Weather.us meteorologist Ryan Maue said "there's no doubt the ocean water encountered by Michael was quite warm compared to the last three decades, especially near the coast."

Maue analyzed early October water temperatures in the eastern Gulf and found that when comparing data from 1985-2005 to data from 2006-2018, the average temperature rose nearly 1 degree.

He said the cause of the rise is still a research puzzle and that "more detailed climate analysis is needed to better understand what has happened over the past 12 years across the Gulf of Mexico."

Several recent scientific studies say that hurricanes are intensifying more rapidly than they used to. One study this year in Geophysical Research Letters said that since 1986, the rate of intensification of storms like Michael has increased by about 13 mph.

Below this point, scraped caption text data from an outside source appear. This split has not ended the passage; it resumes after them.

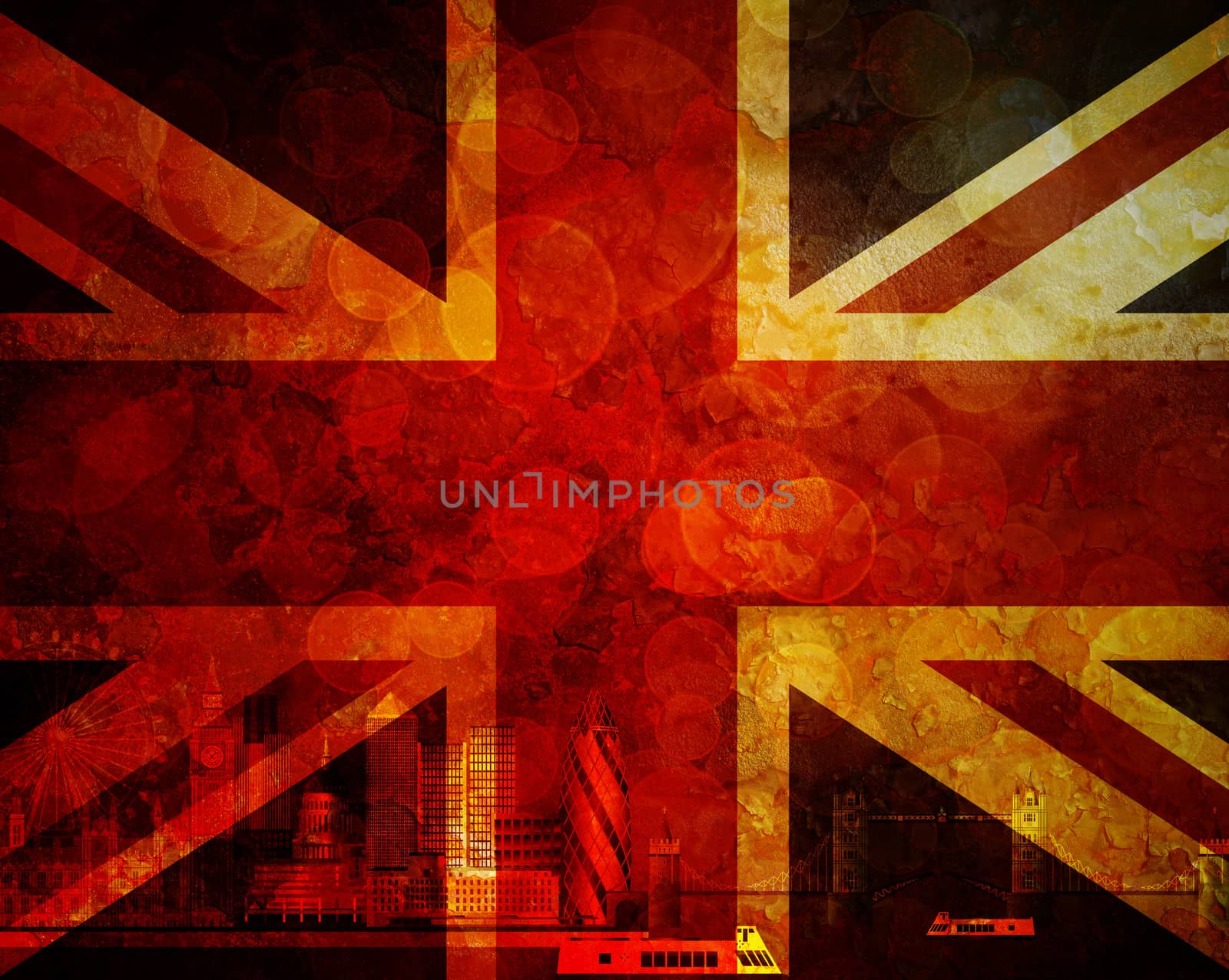 London Great Britain City Skyline Panorama in Union Jack Flag Grunge Texture Background Color Illustration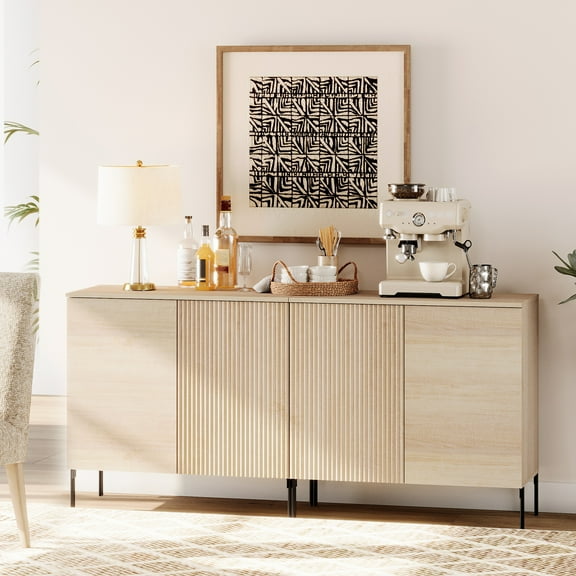 63" Wooden 4 Doors Sideboard with Reeded Design, 2-In-1 Modern Credenza Storage Cabinet for Kitchen, Dining Room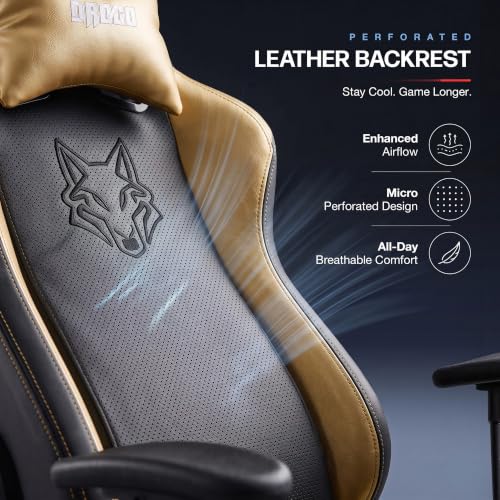 Image of DROGO Alpha-X Ergonomic Gaming Chair with Footrest | Premium PU Leather with 135 Recline | 2D Padded Armrest | Computer Chair for Study |Office Chairs for Work from Home With Neck Support(Black&Gold)
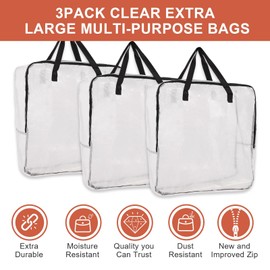 Bargain Factory Storage Bags Pack of 3 Extra Large Heavy Duty Moving House Essentials, Strong Handles & Zips, Clothes Storage, Packing, Laundry Bags, Reusable and Sustainable
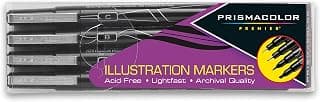 PRISMACOLOR PREMIER Marker Art, Assorted Marker Fineline + Brush Tip + Chisel Tip, Set of 4, Black (1738861)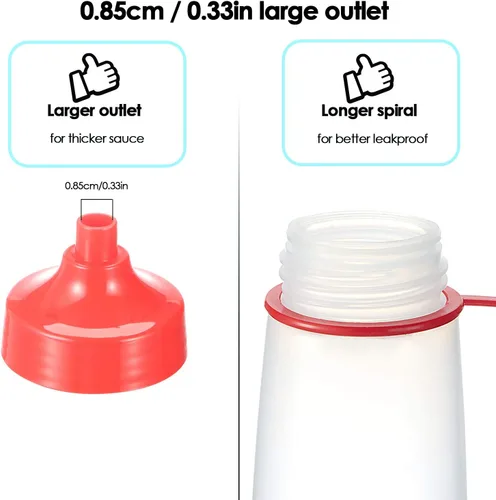 Miniatura 2 de Botella exprimidora de condimentos para salsas de boca ancha, botellas de plástico para condimentos, pintura, salsa de tomate, mostaza, aceite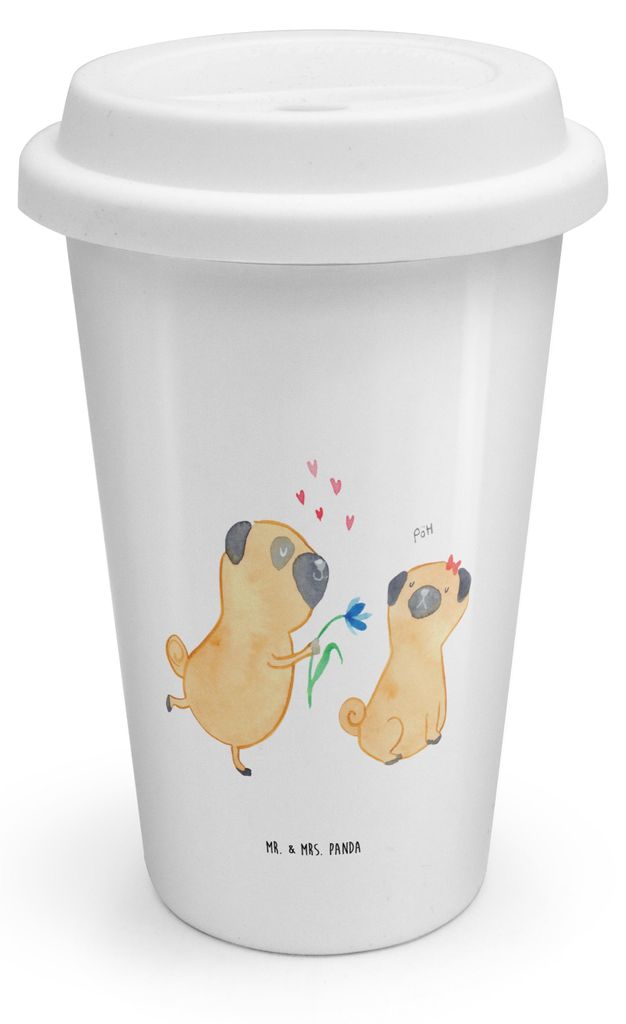 Mr. & Mrs. Panda Kaffeebecher To Go Mops Verliebt - Weiß - Geschenk, Coffee Becher, Knuffig, Möpse, ToGo, Mehrwegbecher, Liebe, Thermobecher, Hun...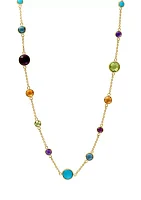 Amethyst, London Blue Topaz, Citrine, Rhodolite, Peridot, Turquoise Multi-bead Necklace In 14k Yellow Gold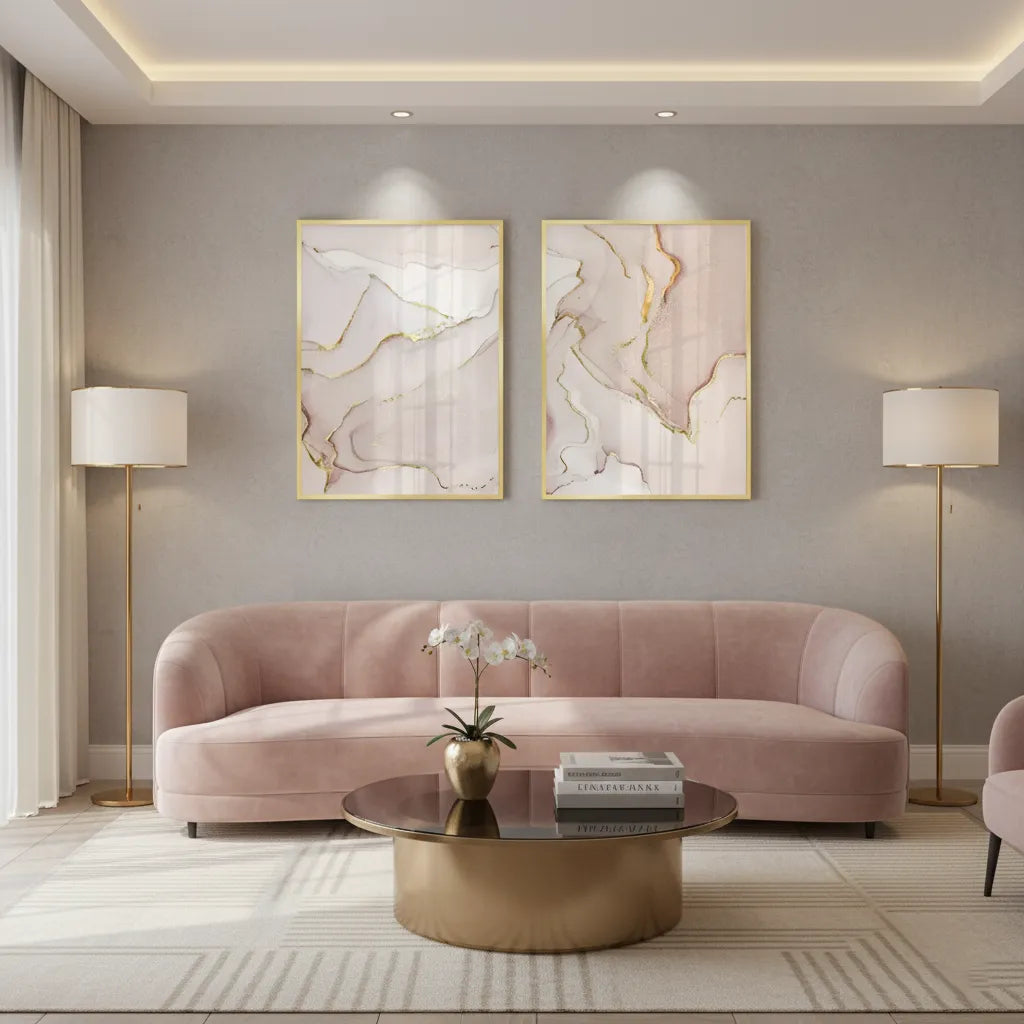Gilded Blush Set of 2 - Fine Art - Jasmineart.ae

A 2015 study on how ocean temperatures affect hurricane intensity in the North Atlantic found intensification increases by 16 percent for every 1.8 degree increase in average sea-surface temperatures, ThinkProgress reported.

Regardless of the cause, “Michael saw our worst fears realized, of rapid intensification just before landfall on a part of a coastline that has never experienced a Category 4 hurricane,” University of Miami hurricane researcher Brian McNoldy said.